(Entries supplied)

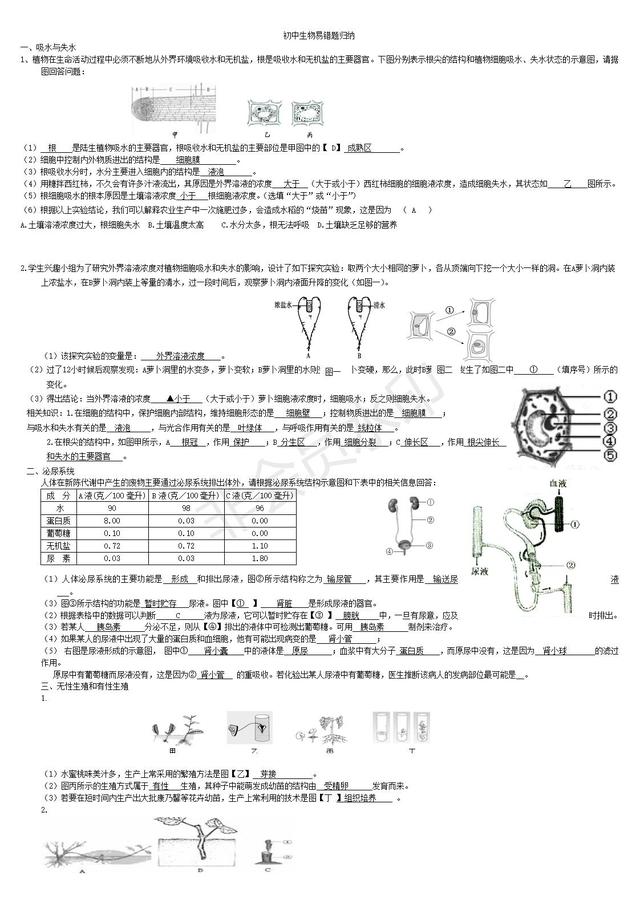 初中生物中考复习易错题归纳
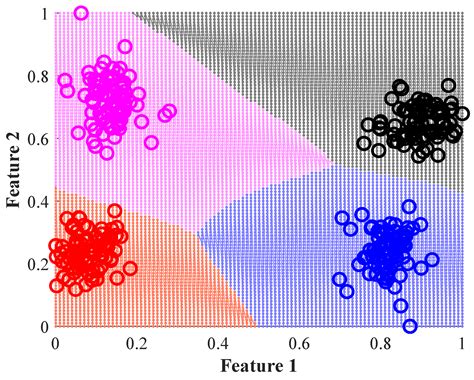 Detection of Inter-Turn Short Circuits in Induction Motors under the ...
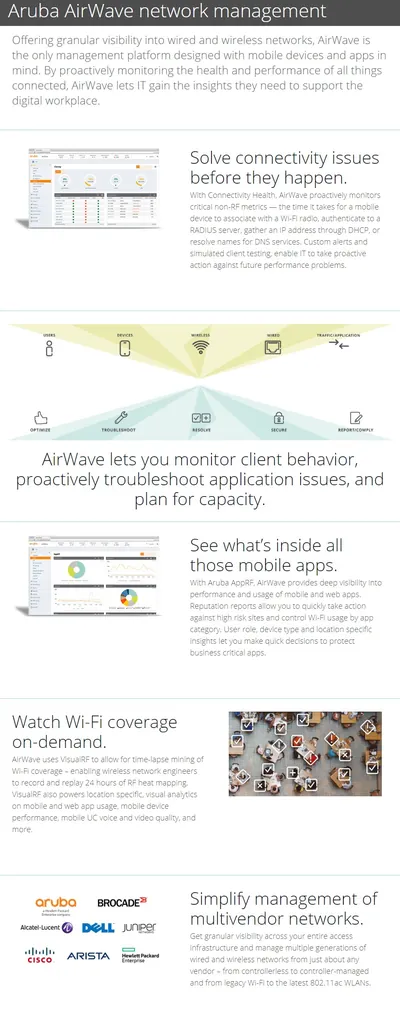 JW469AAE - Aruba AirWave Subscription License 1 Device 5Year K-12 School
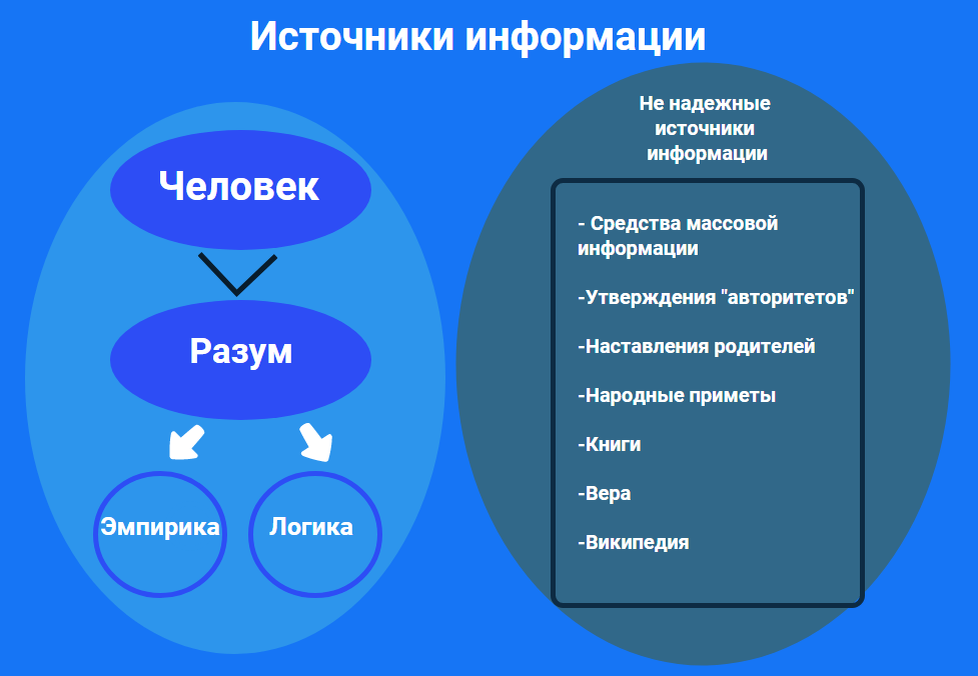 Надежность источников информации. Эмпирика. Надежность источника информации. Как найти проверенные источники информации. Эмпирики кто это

(End Entries supplied)
(Entries supplied)

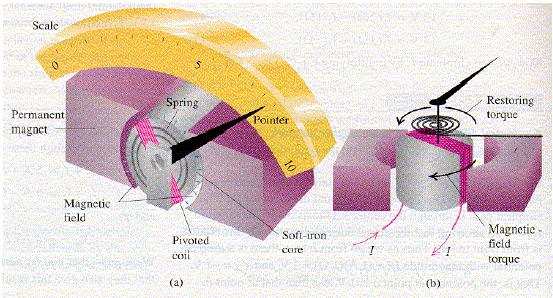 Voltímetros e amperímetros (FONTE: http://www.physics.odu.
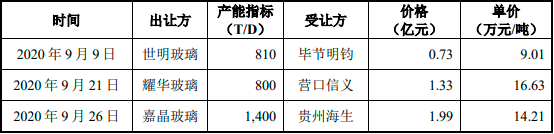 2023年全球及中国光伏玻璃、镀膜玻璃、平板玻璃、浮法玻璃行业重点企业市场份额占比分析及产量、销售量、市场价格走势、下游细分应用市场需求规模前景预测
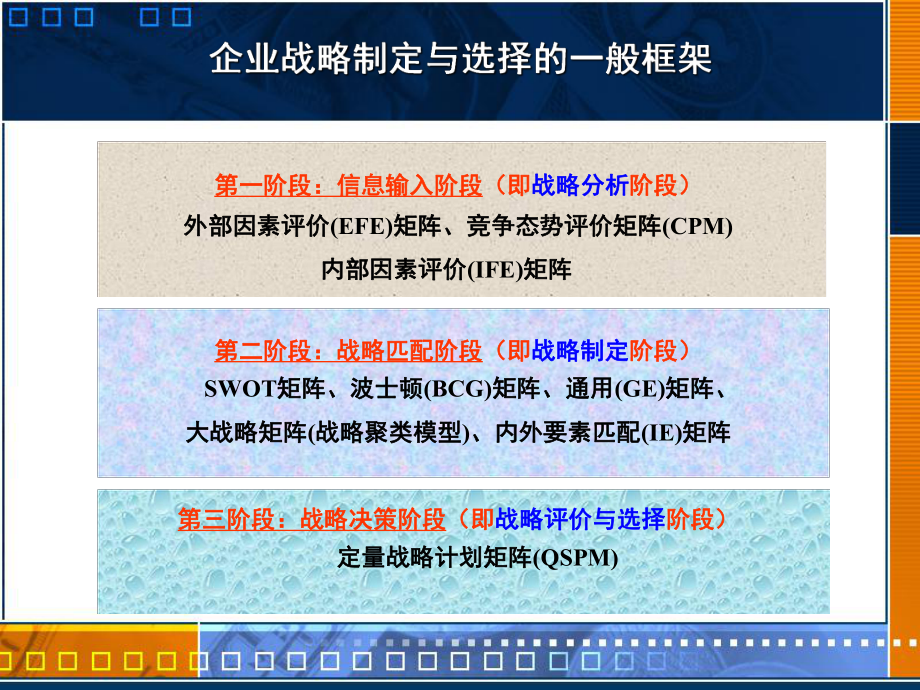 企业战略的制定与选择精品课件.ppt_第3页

(End Entries supplied)
(Entries supplied)

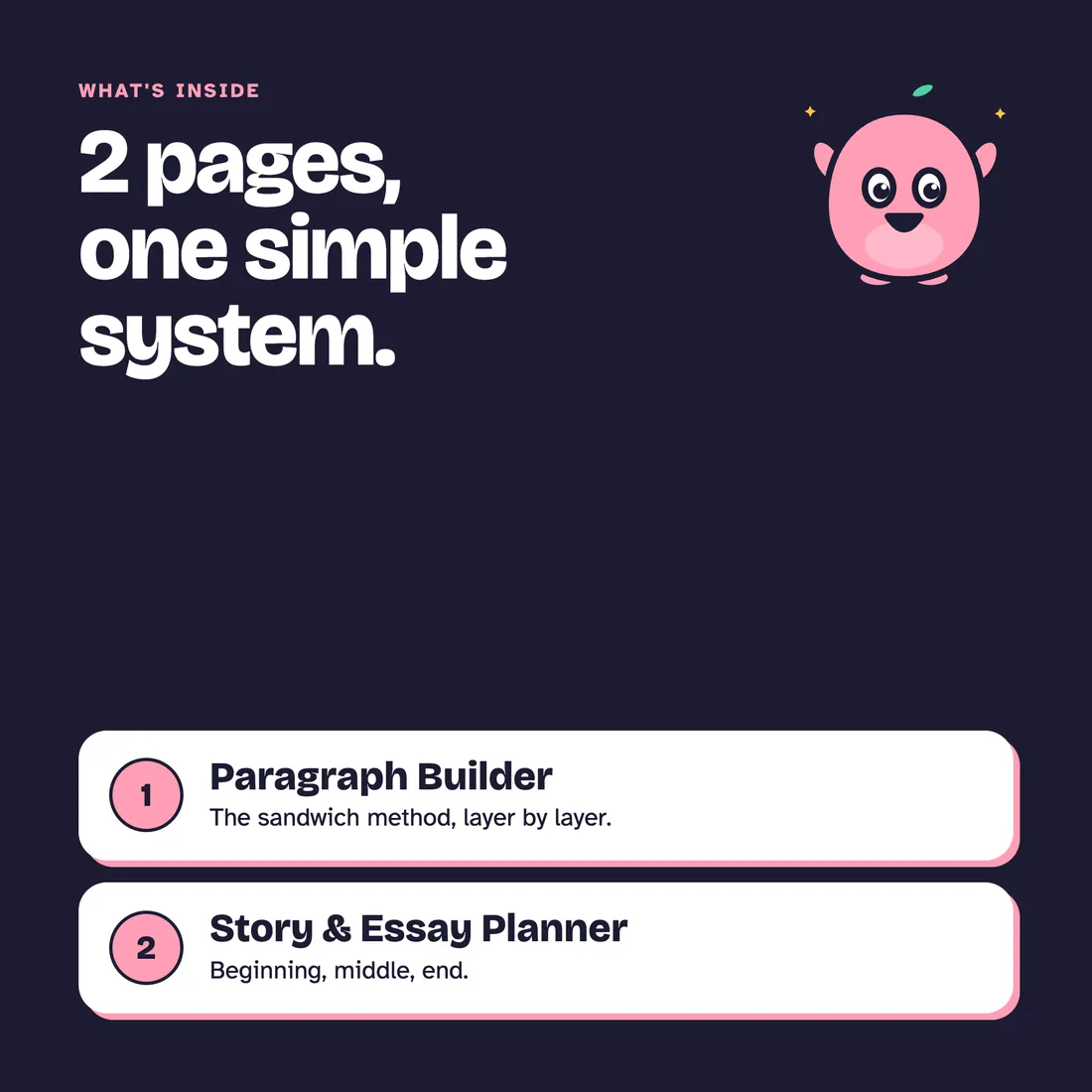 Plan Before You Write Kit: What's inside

(End Entries supplied)

Exercise instructions>
From the material above, output only the span of lines that starts at the one containing "初中生物中考复习易错题归纳" and finishes at the one containing "Надежность источников информации.", word for word and free of pictures.

Task solution>
 初中生物中考复习易错题归纳
 Detection of Inter-Turn Short Circuits in Induction Motors under the ...
 JW469AAE - Aruba AirWave Subscription License 1 Device 5Year K-12 School
 Надежность источников информации. Эмпирика. Надежность источника информации. Как найти проверенные источники информации. Эмпирики кто это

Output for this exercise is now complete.